_ACTIVITY:_
Find the line containing "Dell Vostro 3510", then print it and each following line through the end of the records, exactly and with nothing added; leave out any pictures.

Captioned web images:
== Segment start ==

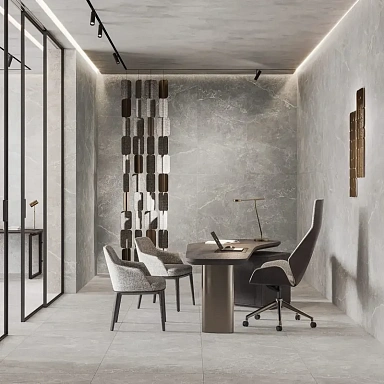 Бриансон Kerama Marazzi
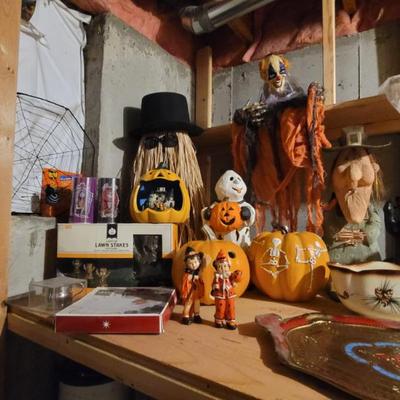 Sale Photo Thumbnail #182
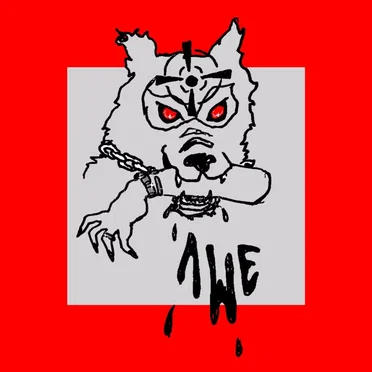 Program (AWE bootleg)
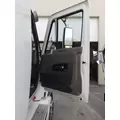 INTERNATIONAL PROSTAR 2008-2018 DOOR ASSEMBLY, FRONT thumbnail 2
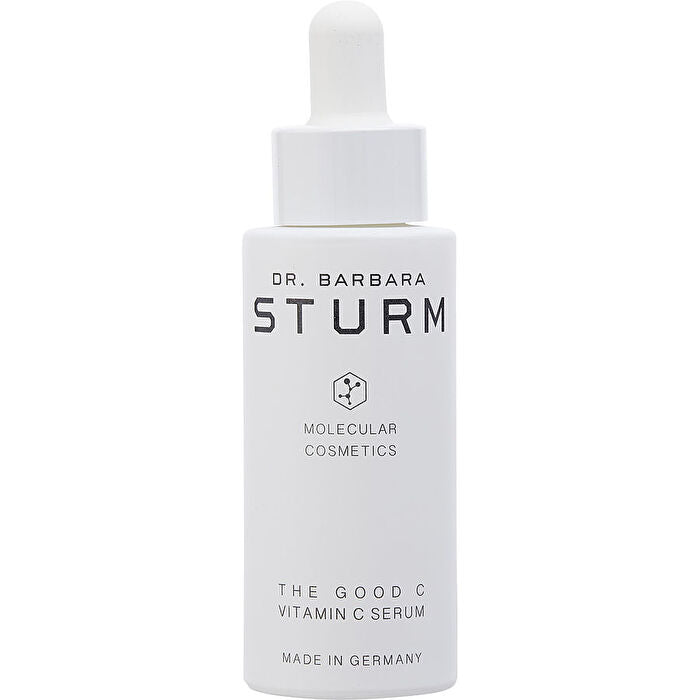 Dr. Barbara Sturm The Good C Vitamin C Serum 30ml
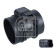 Air Mass Sensor 37288 FEBI, Thumbnail 2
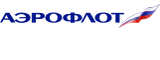 Логотип Аэрофлот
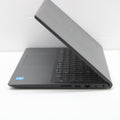 Dell Vostro 3510 Laptop 15.6 in 8GB RAM 256GB NVMe Intel i3 1115G4 Windows 11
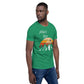 Sunrise Tee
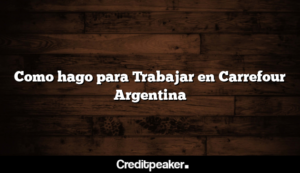 como-hago-para-trabajar-en-carrefour-argentina3-7315375-7555836-png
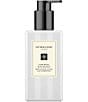 Jo Malone London Lime Basil & Mandarin Body & Hand Lotion, 8.4-oz. - Image 1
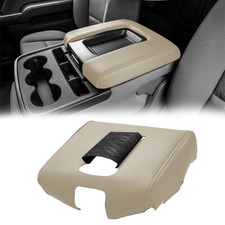 Center console lid for sale  Fontana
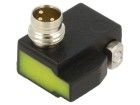 MZA72175 electronic component of IPF ELECTRONIC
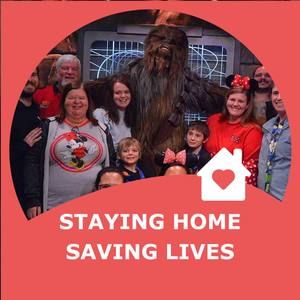 Meet your Posher, Sue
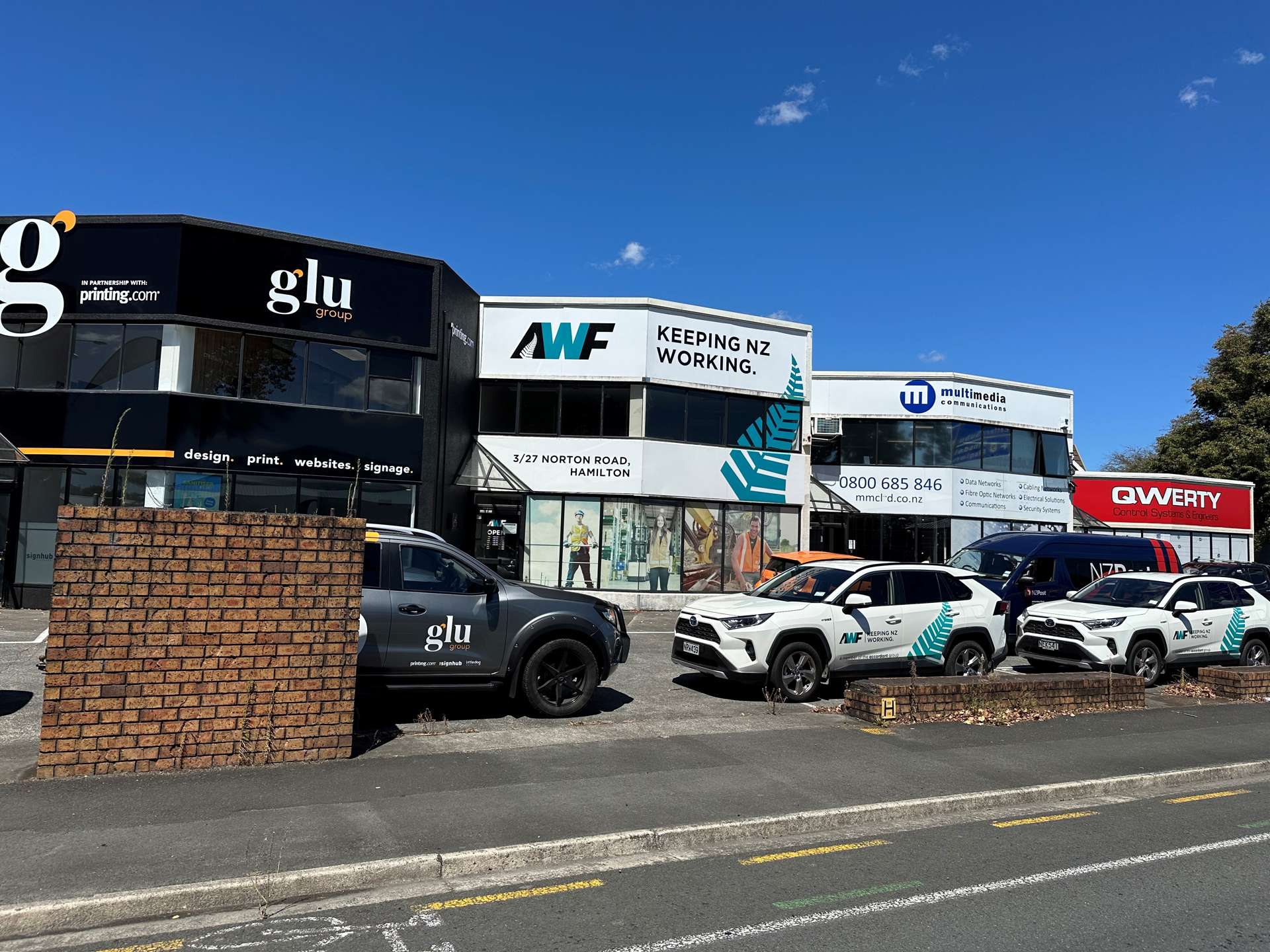 3/27 Norton Road Frankton_0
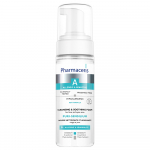 PHARMACERIS A PURI-SENSILIUM N&Auml;OPUHASTUSVAHT RAHUSTAV 150ML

== Segment end ==

_YOUR SOLUTION:_
 Dell Vostro 3510 Laptop 15.6 in 8GB RAM 256GB NVMe Intel i3 1115G4 Windows 11
 Sunrise Tee
 como-hago-para-trabajar-en-carrefour-argentina3-7315375-7555836-png
 Jo Malone London Lime Basil & Mandarin Body & Hand Lotion, 8.4-oz. - Image 1
 Center console lid for sale  Fontana
 MZA72175 electronic component of IPF ELECTRONIC
 Meet your Posher, Sue
 3/27 Norton Road Frankton_0
 PHARMACERIS A PURI-SENSILIUM N&Auml;OPUHASTUSVAHT RAHUSTAV 150ML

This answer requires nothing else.